Many within the Modern Orthodox world, including myself, applaud the thinking of those like Rav Eliezer Berkowits and those who follow in his footsteps, in suggesting that halacha continues to be fresh and vibrant and, more importantly, alive. This is used to suggest a more activist role when it comes to interpreting Jewish law, suggesting changes that would permit more things, and give voice to the disenfranchised. It would be hypocritical to suggest that concepts and values can be used only to permit and never to prohibit. In other words, even if it was only Chazal who could technically establish something as a derabbonon, conceptually it should be possible by later halachic consensus.

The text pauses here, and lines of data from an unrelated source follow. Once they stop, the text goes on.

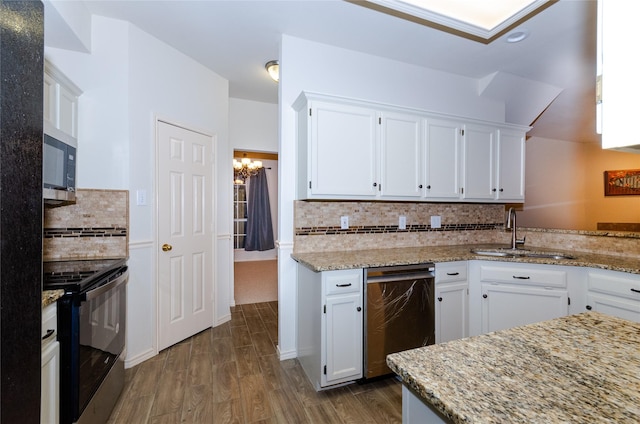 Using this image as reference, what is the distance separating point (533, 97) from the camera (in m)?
3.37

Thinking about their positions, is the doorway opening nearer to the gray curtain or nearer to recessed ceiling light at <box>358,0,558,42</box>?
the gray curtain

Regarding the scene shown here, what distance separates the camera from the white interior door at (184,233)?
259 cm

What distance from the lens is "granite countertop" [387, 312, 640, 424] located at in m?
0.54

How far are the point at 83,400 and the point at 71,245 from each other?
1.22 m

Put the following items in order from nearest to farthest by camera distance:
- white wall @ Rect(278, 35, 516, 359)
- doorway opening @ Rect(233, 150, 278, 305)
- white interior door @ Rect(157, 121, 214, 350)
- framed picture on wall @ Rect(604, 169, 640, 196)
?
1. white wall @ Rect(278, 35, 516, 359)
2. white interior door @ Rect(157, 121, 214, 350)
3. framed picture on wall @ Rect(604, 169, 640, 196)
4. doorway opening @ Rect(233, 150, 278, 305)

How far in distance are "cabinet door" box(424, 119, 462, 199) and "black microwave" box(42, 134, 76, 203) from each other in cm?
274

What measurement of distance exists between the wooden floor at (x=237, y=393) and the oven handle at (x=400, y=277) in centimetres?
76

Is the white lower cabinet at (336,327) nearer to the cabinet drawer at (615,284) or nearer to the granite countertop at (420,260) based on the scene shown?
the granite countertop at (420,260)

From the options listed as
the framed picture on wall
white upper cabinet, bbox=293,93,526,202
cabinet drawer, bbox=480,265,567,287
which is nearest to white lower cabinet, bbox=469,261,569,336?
cabinet drawer, bbox=480,265,567,287

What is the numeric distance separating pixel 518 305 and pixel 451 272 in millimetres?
621

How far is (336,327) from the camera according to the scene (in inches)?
77.1

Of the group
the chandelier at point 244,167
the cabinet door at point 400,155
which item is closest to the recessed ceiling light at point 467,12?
the cabinet door at point 400,155

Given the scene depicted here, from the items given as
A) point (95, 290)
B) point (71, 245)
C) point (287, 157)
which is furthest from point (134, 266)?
point (287, 157)

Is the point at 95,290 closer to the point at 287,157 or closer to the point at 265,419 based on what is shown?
the point at 265,419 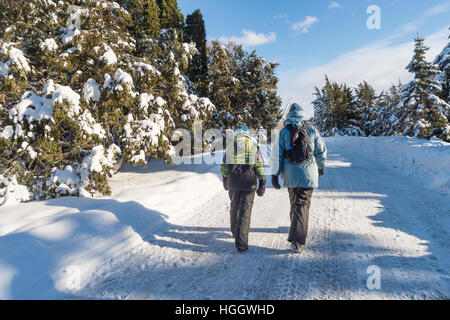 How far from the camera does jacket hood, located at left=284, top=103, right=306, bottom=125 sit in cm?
359

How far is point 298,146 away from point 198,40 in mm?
15611

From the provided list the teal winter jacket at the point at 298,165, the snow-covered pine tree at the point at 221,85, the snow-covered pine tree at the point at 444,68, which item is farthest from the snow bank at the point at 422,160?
the snow-covered pine tree at the point at 444,68

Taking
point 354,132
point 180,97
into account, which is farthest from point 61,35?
point 354,132

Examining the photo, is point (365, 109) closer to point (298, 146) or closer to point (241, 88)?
point (241, 88)

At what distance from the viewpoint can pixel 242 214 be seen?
3.66m

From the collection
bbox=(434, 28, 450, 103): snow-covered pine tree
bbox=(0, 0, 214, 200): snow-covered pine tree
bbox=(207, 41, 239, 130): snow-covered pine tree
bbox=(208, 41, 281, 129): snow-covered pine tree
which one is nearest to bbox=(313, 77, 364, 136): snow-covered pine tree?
bbox=(434, 28, 450, 103): snow-covered pine tree

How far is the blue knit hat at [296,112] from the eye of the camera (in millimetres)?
3594

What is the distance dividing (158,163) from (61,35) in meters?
8.70

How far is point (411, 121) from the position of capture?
64.9 feet

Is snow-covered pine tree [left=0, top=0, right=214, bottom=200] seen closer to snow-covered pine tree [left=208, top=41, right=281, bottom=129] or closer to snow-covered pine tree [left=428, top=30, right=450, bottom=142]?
snow-covered pine tree [left=208, top=41, right=281, bottom=129]

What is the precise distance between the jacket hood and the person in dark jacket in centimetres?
68

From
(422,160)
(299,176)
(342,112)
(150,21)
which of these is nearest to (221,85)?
(150,21)

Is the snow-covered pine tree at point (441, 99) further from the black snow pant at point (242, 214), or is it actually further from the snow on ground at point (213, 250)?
the black snow pant at point (242, 214) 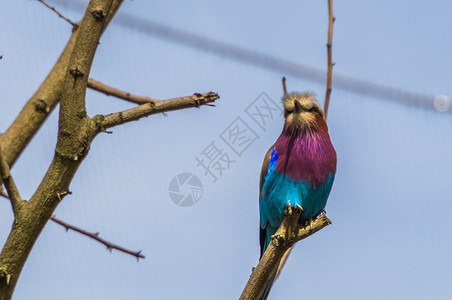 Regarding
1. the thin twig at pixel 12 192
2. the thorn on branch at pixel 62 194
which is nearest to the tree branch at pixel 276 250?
the thorn on branch at pixel 62 194

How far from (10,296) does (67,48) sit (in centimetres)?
122

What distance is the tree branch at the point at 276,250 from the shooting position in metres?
1.70

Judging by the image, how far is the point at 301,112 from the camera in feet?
9.80

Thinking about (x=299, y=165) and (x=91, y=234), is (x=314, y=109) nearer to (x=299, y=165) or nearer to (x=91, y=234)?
(x=299, y=165)

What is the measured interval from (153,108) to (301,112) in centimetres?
134

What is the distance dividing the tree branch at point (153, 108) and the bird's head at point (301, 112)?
1168 millimetres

Of course, I’m not sure which should need to use such terms. In the end of the day, chipping away at the atmosphere of Shabbos comes with a price, one that we already see when it comes to those who are using these phones already without any “permissible” app. It seems to me that rather than chip away at things to make Shabbos “easier”, it is time to focus educationally and communally on the spirit of Shabbos, so that Shabbos will be embraced, rather than being  merely tolerated, or worse.

1 comment:

  1. Precisely! While growing up, we didn't use a Shabbos Elevator because it "wasn't shabbos'dik", while acknowledging that older people, or those who lived on the 15th Floor on the West Side, were fully entitled to make use of it, Ditto for the "grama-phone" for doctors. (Okay, so we didn't listen to the refrigerator to make sure it was on before opening it, despite there being a good chance the motor would soon come on if we rummaged around in there, since the motor starting was only a grama. The iceman was out of business by that time, and spoiled food is decidedly un-Shabbosdik...)
    I also heard in the name of a great man (possibly Rav Gustman) that part of the reason we do things like make tea in a "kli sheni", or put the water in first before the tea, etc., is simply to do things differently on Shabbos in recognition of Shabbos being different. (Similar to what you're mentioning about an underlying reason of muktza.) "Ve'Chibadeto maiAsos Derachecha..."
    I'm also not sure that one can have "menucha" if their phone keeps buzzing. Can they ever have that feeling of peace one feels when Shabbos descends over Yerushalayim, or other enclaves in Eretz Yisroel? I recall one Ba'al Teshuva describing his first Shabbat as a "mountaintop experience" - for these teenagers, it'll be a "corner in mid-Manhattan experience" instead... Appy, appy, appy!
    Rest your thumbs for 1 day, guys!